「信玄が城をつくると、東三河の奥平道文、 菅沼伊豆守、同新三郎、この人びとは、長篠、 作手、段嶺の山家三方をもっていたが、裏切って信玄側についた」
奥三河で最大の国衆となる奥平氏は、家名存続のために、松平氏、今川氏、徳川氏、武田氏などを渡り歩いたことになる。
奥平氏をしっかりと自分のもとに引き寄せておかねばならない。信玄の死を契機に、奥三河の奪還に動いた家康は、そう考えたのだろう。
ちょうど、このとき奥平氏の当主である定能が、菅沼氏と領土問題でもめていた。それにもかかわらず、武田氏が間に入って裁定しないことに、定能は不信感を抱きつつあったようだ。
家康がこのチャンスを見逃すはずがなかった。奥平定能と息子の信昌を従属させるために、家康は自分の娘である亀姫を、奥平氏に送り込むことを決意している。
家康と奥平氏が交わした7カ条の起請文
信玄の死から数カ月が経った天正元(1573)年8月20日、家康は奥平父子との間に、7カ条の起請文を交わす。そのなかで、奥平定能の嫡男にあたる奥平信昌と亀姫を結婚させると約束した。

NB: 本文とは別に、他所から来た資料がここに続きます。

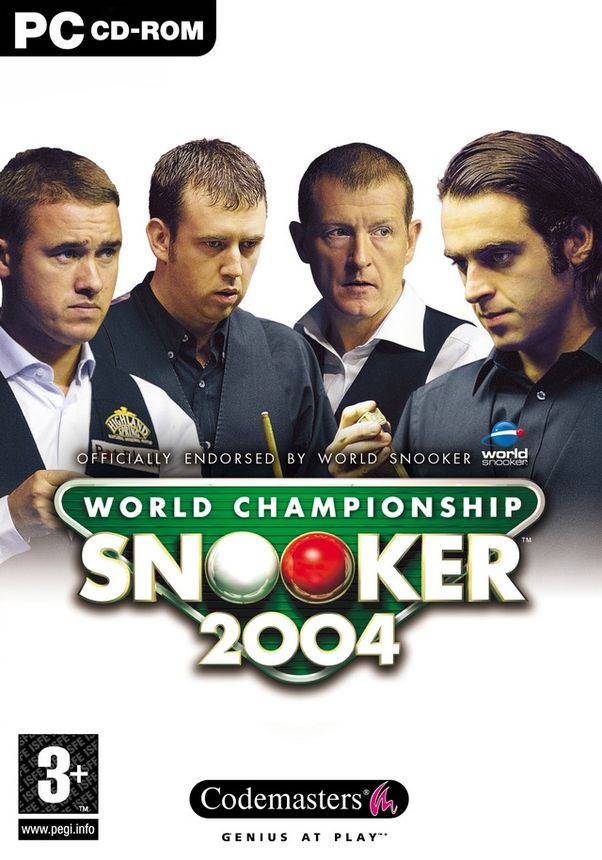 jaquette du jeu vidéo World Championship Snooker 2004
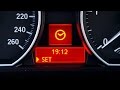 Jak ustawić godzinę w BMW E87, E90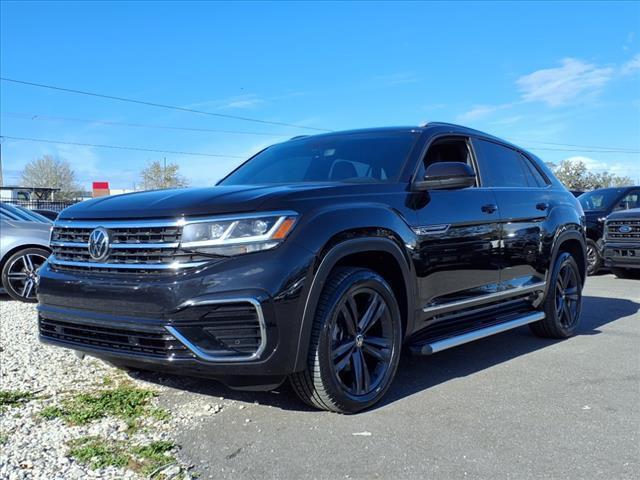 used 2021 Volkswagen Atlas Cross Sport car, priced at $22,997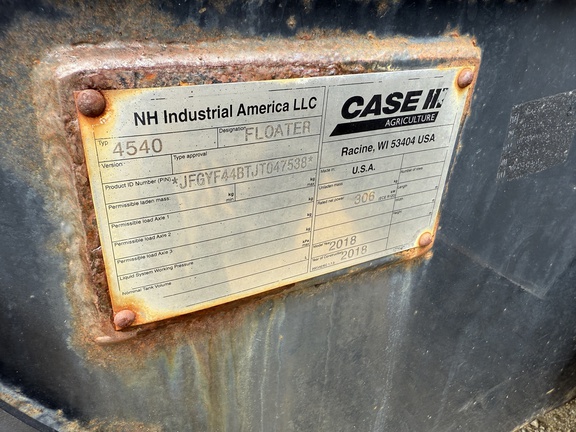2018 Case IH Titan 4540 - Photo18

1カ条目では、「今度申し合せ候縁辺の儀、来たる九月中に祝言あるべく候」とし、取り決めた婚姻について9月中に婚儀を行うとし、さらにこう約束している。
「今後はその進退を決して見放さない」(御進退善悪共に見放し申すまじき事)
政略結婚とともに、奥平氏と運命共同体になることを示した家康。2カ条目では「本地。同日近、ならびに遠州知行、いずれも相違あるべからぎる事」として、本領の作手領はもちろん、 一族である日近奥平家の所領、さらに遠江での所領についても、すべて保証するとしている。
こうして従来の所領を保証しながら、3カ条目から5カ条目まででは、新たな領国と所領を与えることも提示。次の6カ条目もまた、奥平氏にとって願ってもない話だった。